“Sorry, Mr. Slivowitz, but I can’t consider it,” he said.

“Oh, come now, Mr. Sloane!” protested the dyer, with a laugh, leaning back in his chair. He produced a thick cigar and bit off the end. “These here scruples does you credit, Mr. Sloane, but business is business; and, take it from me, Mr. Sloane, you can’t mix business up mit ethics. Them things is all right, but you gotta skin the other guy before he skins you first, ain’t it?”

“That may be——” began the secretary, as he moved toward the door.

May be?
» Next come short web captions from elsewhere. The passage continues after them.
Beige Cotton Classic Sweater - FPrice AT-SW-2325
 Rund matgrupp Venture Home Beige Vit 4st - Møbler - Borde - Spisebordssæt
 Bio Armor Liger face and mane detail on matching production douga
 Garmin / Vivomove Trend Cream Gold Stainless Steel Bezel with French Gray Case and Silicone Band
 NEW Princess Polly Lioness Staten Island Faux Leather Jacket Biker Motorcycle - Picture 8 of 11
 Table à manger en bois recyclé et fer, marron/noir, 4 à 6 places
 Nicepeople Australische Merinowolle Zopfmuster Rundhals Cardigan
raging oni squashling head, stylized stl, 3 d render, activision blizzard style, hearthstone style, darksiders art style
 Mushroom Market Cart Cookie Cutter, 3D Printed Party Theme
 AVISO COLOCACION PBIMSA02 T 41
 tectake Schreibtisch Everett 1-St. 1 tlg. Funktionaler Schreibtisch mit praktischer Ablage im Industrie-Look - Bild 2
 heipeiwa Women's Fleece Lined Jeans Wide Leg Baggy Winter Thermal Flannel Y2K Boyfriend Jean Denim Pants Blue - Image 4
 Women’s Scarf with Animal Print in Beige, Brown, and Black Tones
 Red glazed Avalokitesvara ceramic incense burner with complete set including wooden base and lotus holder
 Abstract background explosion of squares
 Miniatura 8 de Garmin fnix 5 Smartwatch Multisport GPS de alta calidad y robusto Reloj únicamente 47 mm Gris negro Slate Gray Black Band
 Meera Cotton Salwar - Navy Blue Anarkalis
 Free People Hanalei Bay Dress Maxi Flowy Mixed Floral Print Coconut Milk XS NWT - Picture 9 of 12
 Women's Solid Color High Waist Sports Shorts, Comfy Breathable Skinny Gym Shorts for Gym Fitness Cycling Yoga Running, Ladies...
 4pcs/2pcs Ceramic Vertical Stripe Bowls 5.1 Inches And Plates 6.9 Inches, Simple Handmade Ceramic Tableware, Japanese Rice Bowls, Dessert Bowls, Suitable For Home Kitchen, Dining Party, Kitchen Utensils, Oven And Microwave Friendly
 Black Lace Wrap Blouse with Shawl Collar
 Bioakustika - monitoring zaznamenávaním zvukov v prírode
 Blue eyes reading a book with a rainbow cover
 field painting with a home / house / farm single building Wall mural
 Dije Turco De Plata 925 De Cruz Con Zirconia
Ain’t I just told you it is?” Slivowitz paused in the act of striking a match to glare. “You needn’t to be scared they’ll find it out where you come from and fire you, neither, Mr. Sloane,” he added, more quietly and with a cunning expression. “I got brains, I have. A little thing like recommends to a smart man like me——” The match broke. He flung it into the cuspidor and selected another.

Sloane paused with his hand on the doorknob. “Mr. Slivowitz——” he began again.

“Of course,” continued his employer, “I could make it—well, a hundred fifteen, Mr. Sloane. But, believe me, not a cent more, posi-tive-ly.”

The secretary shook his head decidedly.

“What?” roared Slivowitz. “Y’ mean to tell me y’ ain’t goin’ to do it? All right; you’re fired anyhow, you understand me.” Then with an evil glitter in his eyes, “And if you don’t bring by me that formula, you get fired from the Domestic Dye Works; and you don’t get it no job nowheres else, too! Now, you take your choice.” This time the match lighted successfully.

Sloane smiled. “Quite impossible,” he said. “I was going to resign in a day or two, anyway.”

“Eh?” exclaimed the head of the firm, his jaw dropping and his florid face paling a little. In the face of a number of possibilities he forgot the match in his fingers.